Why, people ask, do I wander the world? Why do my wife and I spend time in other countries, seeking out places that are different from those we’re used to and are comfortable in? To start with, traveling gives us perspective. As we engage with the world, we come to realize that our way is not the only way, or even the best way. It’s just one way.
A Kurdish wedding in Eastern Turkey. A Santaria ceremony in Cuba. A Buddhist temple in Burma. An Easter celebration in Bulgaria. A voodoo priest in tribal India. We see them and wonder, but all of these countries are full of people muddling along, trying to survive and find a bit of joy along the way. Leaders may be misguided, even worse, but what about the ordinary men, women, and children? Maybe they use funny toilets, eat with their fingers, dress in their own way, have different ideas about where humanity came from and where it’s going. Is that reason to fear or hate them? Or for them to hate or fear us?
There’s no pleasure to compete with the thrill of wandering unfamiliar streets, of discovering villages and towns unlike any back home, of meeting people who look, dress, speak, and think differently than we do. They’re different from me. Why are they different? Why am I different?
SNAPSHOT: Mashad, Iran. An octagonal pit four feet deep and twelve feet wide in the center of a large room, nine boys ages 11 to 13 performing strenuous exercises as a man plays on a drum. Flushed and sweating, the boys spin and jump and chant and perform ritualized calisthenics and acrobatics. After more than an hour, each boy receives a handshake, a hug, and a reward in this local “House of Strength.” In 1220 CE, the Mongols invaded this land. The Khan decreed that no male could carry a weapon or train for war, so underground gymnasiums called Zor-Khaneh were developed for mental, spiritual, and physical training. Now, Houses of Strength flourish in many Iranian towns, giving boys today opportunities to train and prepare to become leaders in a quite different world.
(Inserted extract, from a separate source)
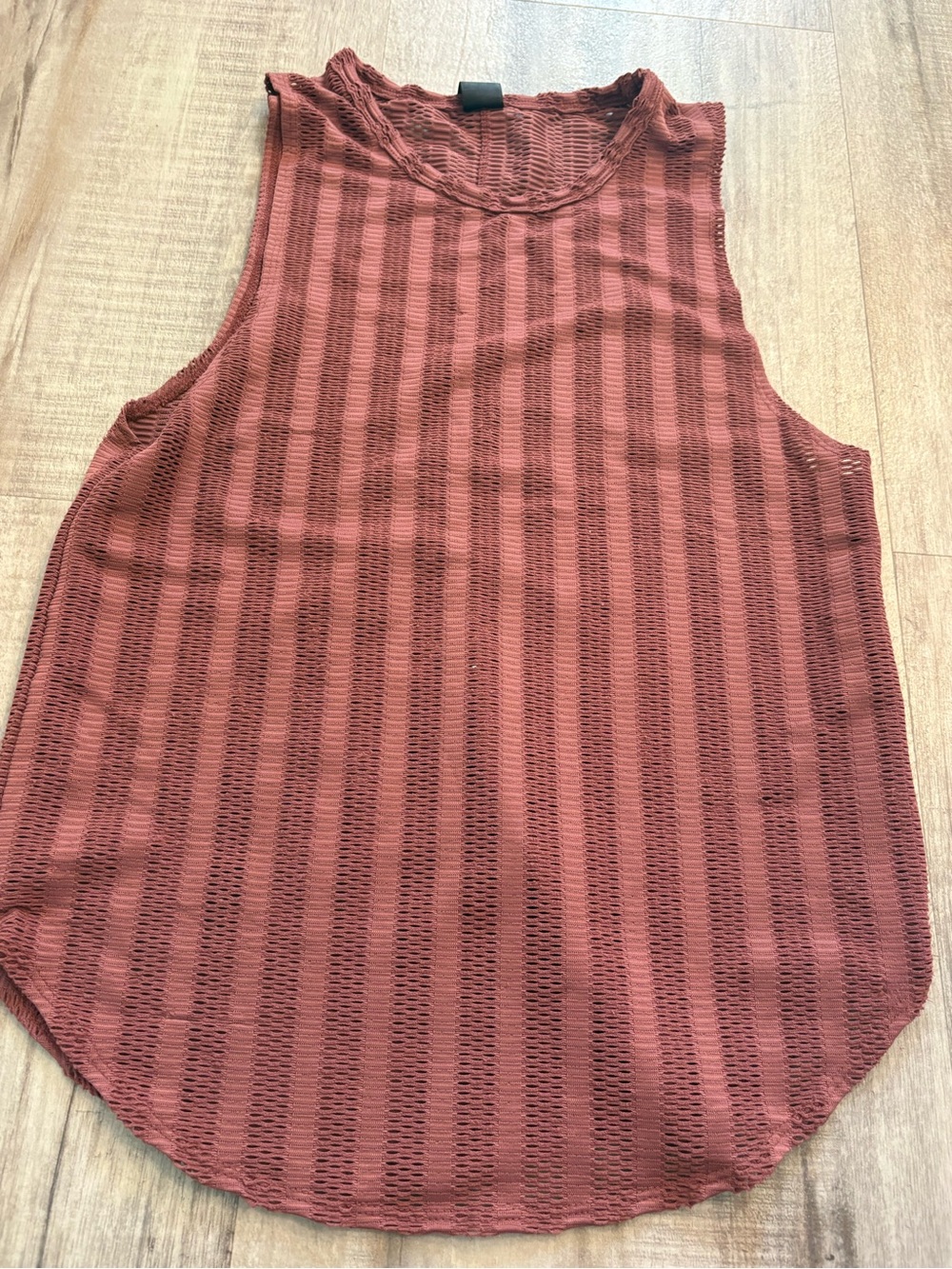 Strut This Mauve Mesh Tank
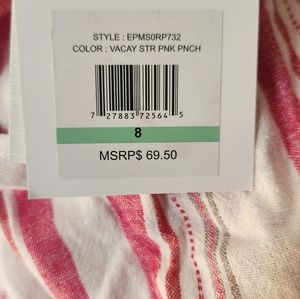 New with Tags Ellen Tracy vacation wide leg pants size US 8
SNAPSHOT: Croatia, a farm near the border with Montenegro. A stone-walled kitchen, hooks for meat hanging from the ceiling, antique stone sink, Luko the farmer and his wife Mira. He’s tall, big-bellied, with salt and pepper beard. She’s slender, shy. They show us photos of the devastation to their farm during the war with Montenegro and the Serbs. They had no warning when Montenegro invaded, Luko tells us. They never imagined that such a thing could happen.
“We thought they were our friends,” he says.
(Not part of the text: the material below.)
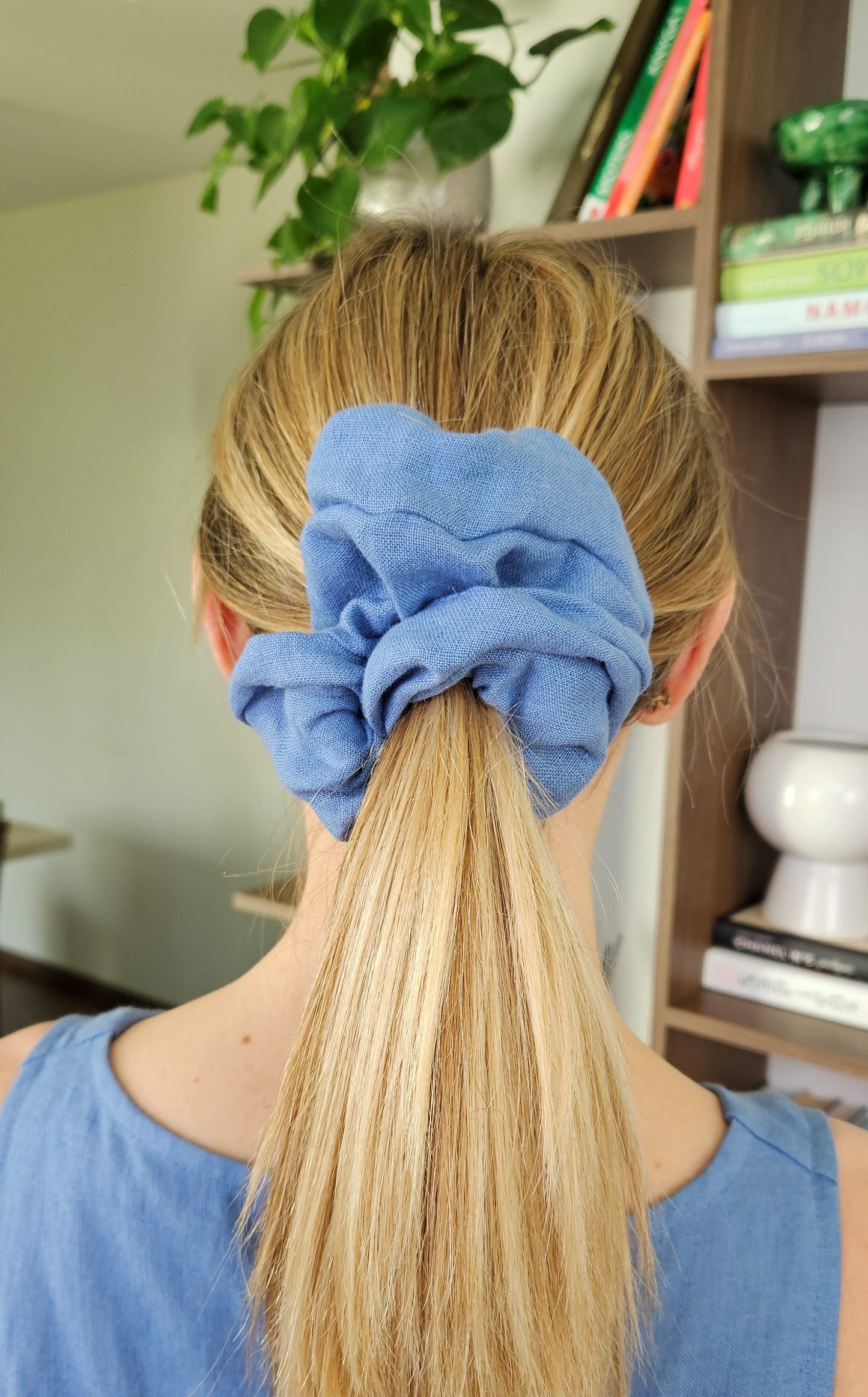 Extra Large Linen Scrunchie - Made from 100 % linen fabric waste!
Now, years after the war, we see almost no evidence of it, but it hasn’t been forgotten. Proudly, the middle-aged couple shows us the vegetable gardens, the new vineyards, the pastures and the sheep.
All this raises questions, not necessarily doubts, but a search for truth – one of the goals of travel, not only diversion or amusement. Can you tell me more about that? Why do you think that happened? Are we better individuals if we learn more, understand more? Why does the world seem to be breaking into opposing camps? Them and us? What’s going on? As a writer, I want to know. As a human being, I need to know.
SNAPSHOT: Beirut, Lebanon. A sidewalk café in the rebuilt, once cosmopolitan city center, crowded with men and women, many of whom are too young to remember war, glasses of wine or espresso cups in their hands. A country part Christian, part Moslem. Armed soldiers still visible and, still, in the hills nearby, a Palestinian camp, surrounded by soldiers. How long have those men, women, and children been there?
Rebuilding is still in progress across Beirut and Lebanon, many years after the wars – the civil war between Moslems and Christians and the war with Israel. Will downtown ever again be the Paris of the Middle East? Over it all lurks the tall, burned, shot-out shell of the Holiday Inn, where journalists hunkered during the wars, a vivid reminder visible from many parts of the city.
History is relentless. Exploring the world can raise questions, as well as provide answers. Maybe questions are better than answers. Maybe people are too quick with answers.
SNAPSHOT: Small towns all over Iran: Martyr’s Memorials with photographs of young men who died in the eight-year war with Iraq, women in black still mourning their sons and husbands who died decades ago.
We travel because every new experience raises questions, because every answer is also a question in disguise. As Rick Steves has pointed out, it’s harder to fear and hate people if you meet them. This is one of the themes of my book, DELPHINE, much of which takes place in the Middle East. Delphine discovers as she travels the world, particularly in Turkey and Palestine, that the better she knows people, the more she’ll come to care for them, perhaps even love them.
When I travel, my point of view is stretched, my eyes are opened to the variety of the world. It’s hard to be close-minded if we’ve met, eaten with, and talked with people who’ve grown up with different traditions, cultures, viewpoints than our own. Whether or not I write directly about any of this, my stories and books are richer and, I think, better, because of it.